If you are like many other administrators, you would probably spend the majority of your time performing recipient-related management tasks when dealing with Exchange. If you work in a large environment with thousands of recipients, to create, update, and delete recipients will probably be a cumbersome and time-consuming process. Of course, the obvious solution to this is to use the Exchange Management Shell. By utilizing the Exchange Management Shell, you can automate all of your recipient management tasks and drastically speed up your work.

The concept of an Exchange recipient is more than just a user with a mailbox. An Exchange recipient is any Active Directory object that has been mail-enabled and can receive messages within the Exchange organization. This can be a distribution group, a contact, a mail-enabled public folder, and so on. These object types include inpidual sets of cmdlets that can be used to completely automate the administration of the Exchange recipients in your environment.

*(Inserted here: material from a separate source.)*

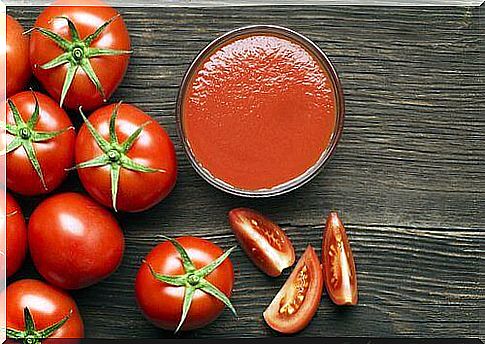 Treat vascular health with tomato juice.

The goal of this chapter is to show you some common solutions that can be used when performing day-to-day recipient management from the shell. Quite often, Exchange recipients are provisioned or updated in bulk through an automated process driven by a PowerShell script. The recipes in this chapter will provide solutions for these types of scripts that you can use right away. You can also use these concepts as a guide to build your own scripts from scratch to automate recipient-related tasks in your environment.

Performing some basic steps

To work with the code samples in this chapter, we'll need to launch the Exchange Management Shell using the following steps:

  1. Log on to a workstation or server with the Exchange Management tools installed.
  2. Open the Exchange Management Shell by navigating to Start | All Programs | Exchange Server 2013.
  3. Click on the Exchange Management Shell shortcut.

If any additional steps are required, they will be listed at the beginning of the recipe in the Getting ready section.

Tip

Remember to start the Exchange Management Shell using Run as administrator to avoid permission problems.

In this chapter, notice that in the examples of cmdlets, I have used the back tick (`) character to break up long commands into multiple lines. The purpose of this is to make it easier to read. The back ticks are not required and should only be used if needed.